The results revealed several patterns:

→ Students already share appliances
→ Students are open to selling used appliances
→ Secondhand purchasing is already common

Students were not opposed to secondhand appliances — they simply lacked a trusted and convenient system to exchange them.

pain points

Transportation Challenges

Shipping appliances is expensive, the appliance could be too heavy to carry and coordinating transport can be difficult.

Trust and Legitimacy

Students often feel uncertain about who they are buying from or selling to. They may also be hesitant to share personal contact information.

Community Preference

Participants strongly preferred exchanging items with people from their own campus or student community.

which led me to the Problem Statement:

How might a dedicated marketplace support safe, convenient appliance exchanges within a campus community?

How might a dedicated marketplace support safe, convenient appliance exchanges within a campus community?

Design Process

With these constraints in mind, I began structuring the platform around the core actions students needed to complete an exchange. The goal was to keep these flows simple while supporting multiple exchange types such as buying, selling, and renting.

Rather than building separate systems for each interaction type, I designed a shared structure that could support all three:

insights → Design Decisions

Students prefer exchanging appliances with people from their own campus community.

The marketplace prioritizes location-based browsing, surfacing nearby listings first to support convenient pickup.

Students feel uncomfortable exchanging appliances with strangers.

User profiles highlight campus affiliation, helping establish trust between buyers and sellers.

Large appliances are difficult to transport.

Listings prominently display pickup location and transportation notes, helping students plan exchanges before committing.

Final Designs

The final product is a mobile marketplace designed specifically for student appliance exchanges.

The final product is a mobile marketplace designed specifically for student appliance exchanges.

The experience focuses on helping students:
→ Discover nearby appliances
→ Verify other users within their campus community
→ Coordinate exchanges quickly and safely

By prioritizing proximity, trust, and simple coordination, the platform supports the way students already exchange appliances but in a more reliable and structured way.

Reflections

User research reveals intent in ways that even firsthand experience may not

Although affordability was an important factor, many students were interested in secondhand exchanges for other reasons as well - which was something I did not initially account for.

Understanding these motivations helped frame the marketplace as a community exchange rather than purely a discount platform.

Structure guides behavior, but flexibility matters

Designing structured flows helped simplify listing creation and browsing. However, exchanges between people are inherently flexible.
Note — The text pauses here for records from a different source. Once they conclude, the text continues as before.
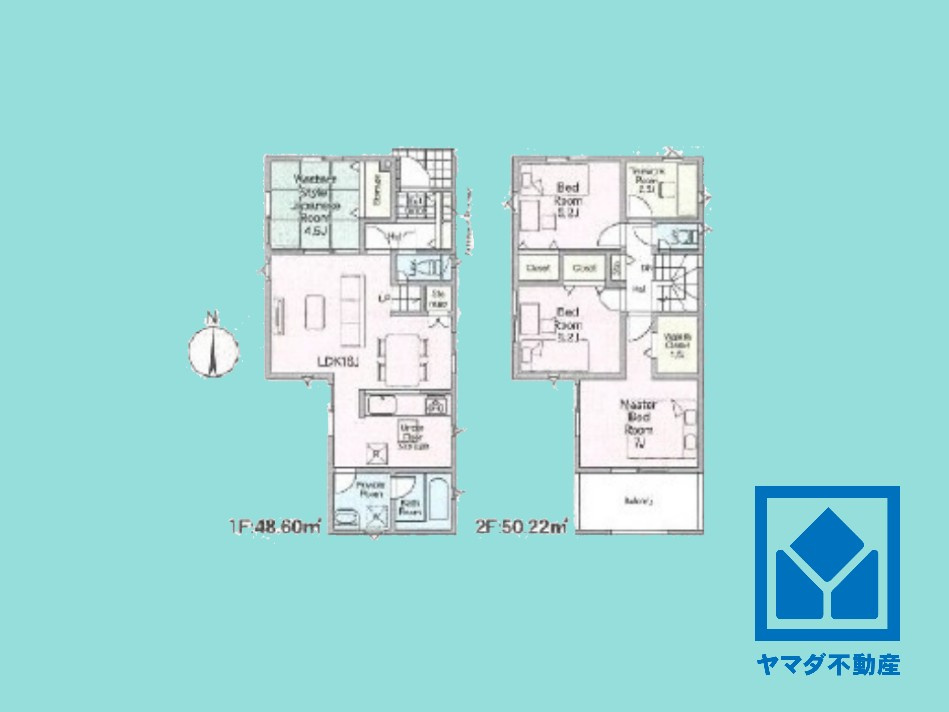 久世郡久御山町下津屋　第2の間取り|図面と現況が異なる場合は現況を優先いたします。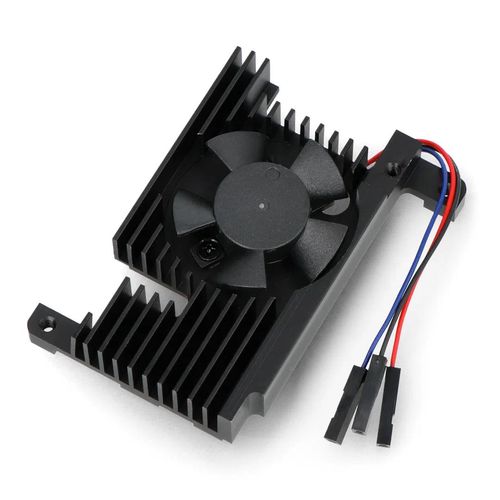 All-In-One - cooling fan with heatsink - aluminum - with PWM control - for Raspberry Pi 4B - Waveshare 22913 WSR-22140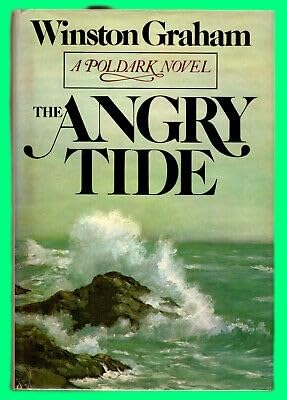 Collectible Winston Graham THE ANGRY TIDE Publisher's Reprint 1978 Seventh Poldark Novel HC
Balancing structure with flexibility became an important part of the design process, ensuring the system could support different exchange scenarios without becoming overly rigid.
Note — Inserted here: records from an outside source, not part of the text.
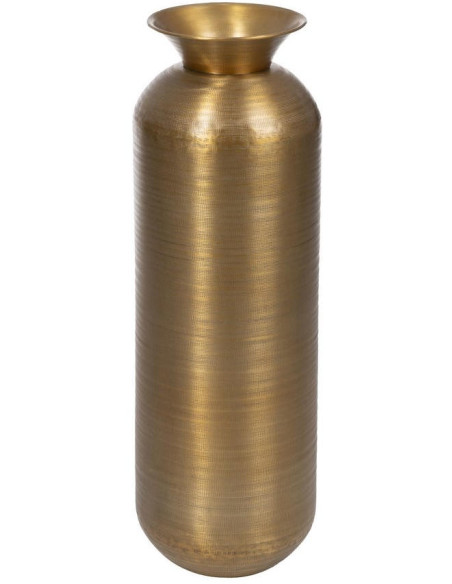Grand vase en aluminium doré vieilli 88,9 cm Dendera Ixia - 1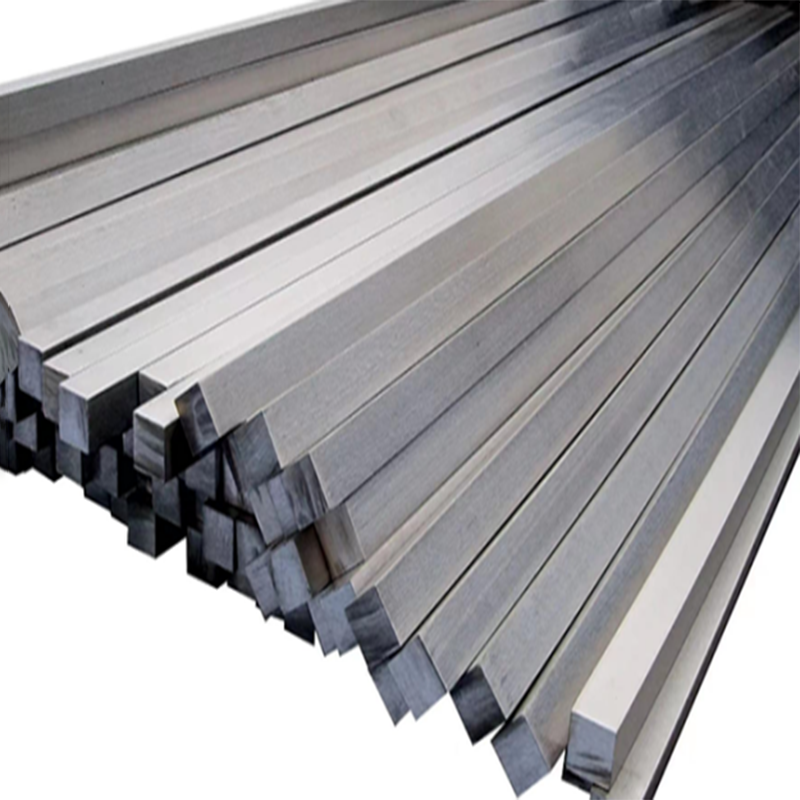 Barre carrée en acier inoxydable 304, barre carrée solide 4 mm 5 mm 6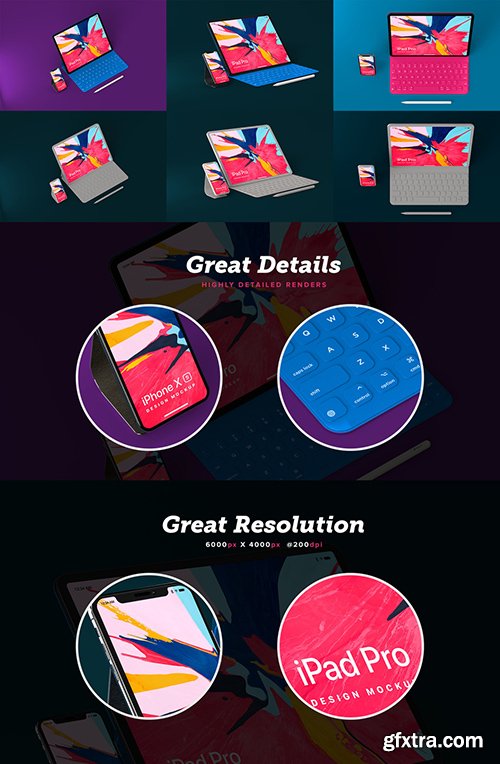 iPad Pro iPhone XS Mockup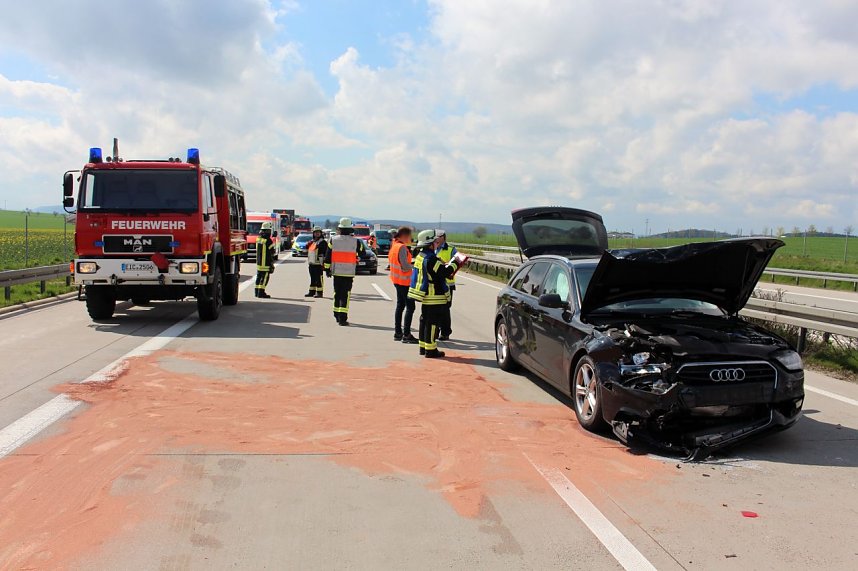 Unf&auml;lle auf der a 38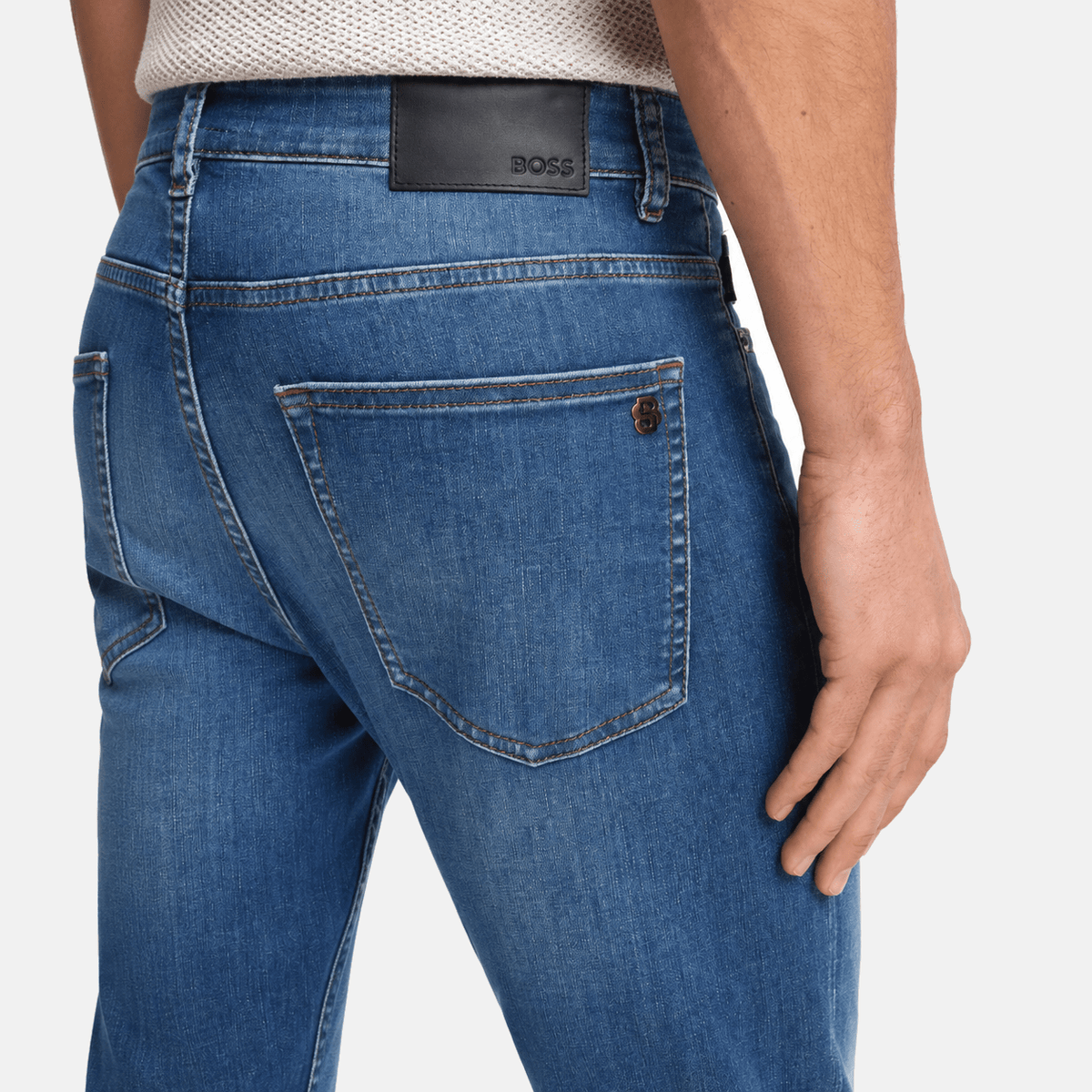 BOSS Delaware Soft Motion Slim fit Jeans Blue | Studio DOS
Future opportunities (i.e. how would I build on this concept):

Supporting Additional Community Members

Future iterations could explore allowing participation from alumni or long-term residents who want to contribute appliances to the student community.

Integration With Tool Libraries

The marketplace could also integrate with existing campus tool or equipment libraries, creating a hybrid system where students can borrow, rent, or purchase appliances depending on their needs.

Appliance Verification or Trial Systems

Future versions could introduce more systems that help users evaluate appliances before committing, such as condition checks, videos, etc.